What is it?
Peugeot's new large saloon and estate, the 508 straddles (and replaces) Peugeot's 407 and 607 models. Peugeot claiming the 508 offers interior space to match the 607, but within smaller exterior dimensions, and that although it is 10cm longer than the 407, that it weighs an average of 35Kg less.
In addition to the two bodystyles the 508 comes with two alternative suspension configurations. Most models use a MacPherson Strut at the front, with a multi-link arrangement at the rear. However our introduction to the 508 comes by way of the range topping GT model, which not only features a new 2.2-litre 201bhp diesel (more efficient and lighter than the 2.7-litre V6 it replaces) but also double-wishbone front suspension.
What's it like?
Before any considerations on the way the 508 drives, the most obvious change over its predecessor, is a newfound sense of maturity. The exterior styling has lost some of the quirkiness of the 407, and potentially is a little more bland as a consequence, but the interior is an unqualified step forward. Comfortable spacious and noticeably more upmarket. Clearly this GT model represents the 508 in its best light, with full leather trim and full colour information screens, but in the design, arrangement and action of the main switchgear the 508 is class-leading.
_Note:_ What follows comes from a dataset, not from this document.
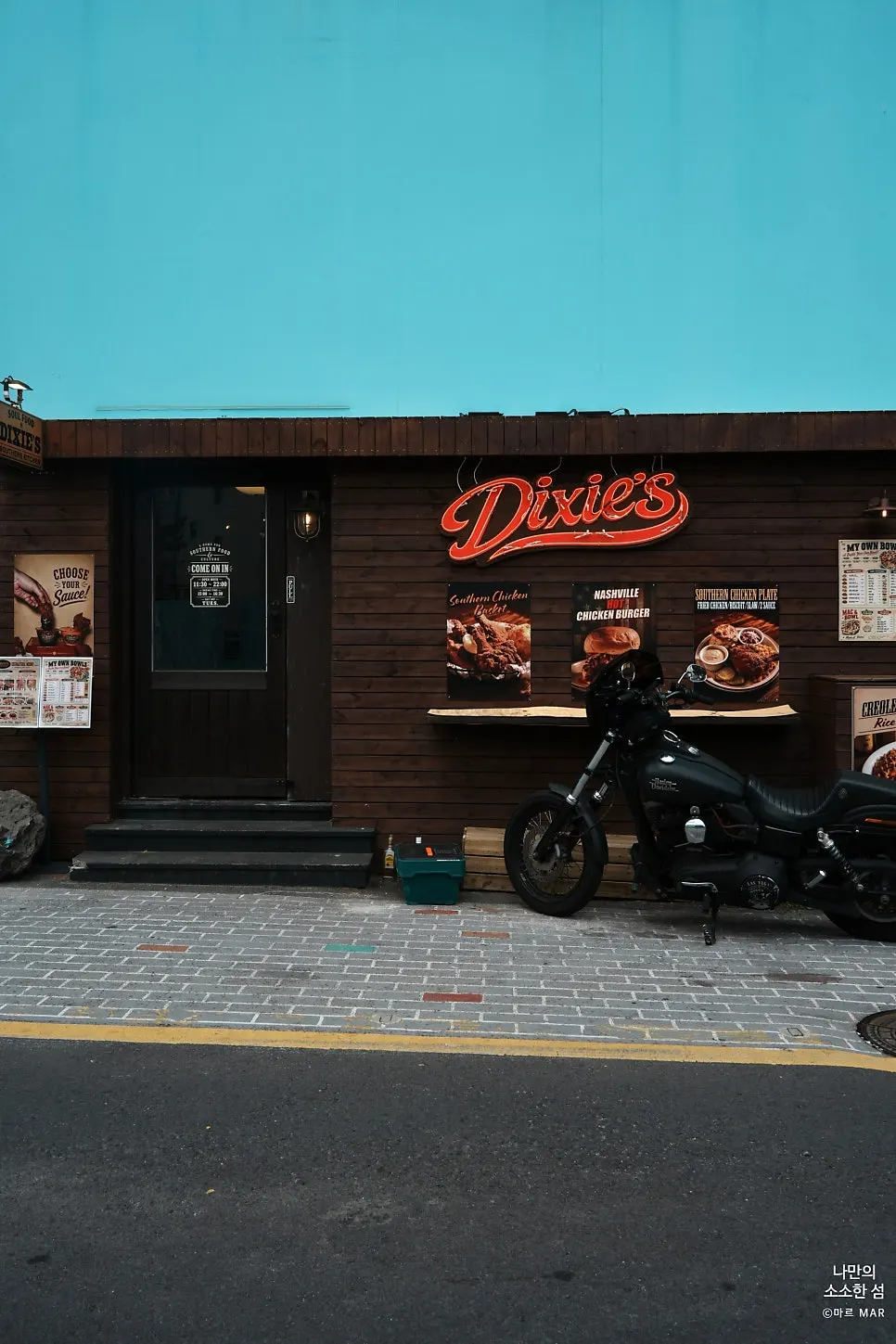 Dixie's exterior with blue walls and wood paneling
As is overall refinement. Helped by a standard fit acoustic windscreen and dampers on the front axle to reduce engine vibration, the 508's cabin is remarkably hushed, in terms of wind, road and engine noise. Other engines in the range, which include two 1.6-litre petrols, and several diesels including an e-HDi version with stop-start and emissions of 109g/km, may be more vocal, but this 2.2-litre is impressively quiet.
There is however no choice of gearbox with this engine, a six-speed automatic mandatory. Although this remains a conventional torque converter auto, it is not embarrassed by rivals' dual-clutch systems. While the shifts are not quite as instantaneous they're still quick enough, and for slow speed manoeuvres a torque converter is still superior.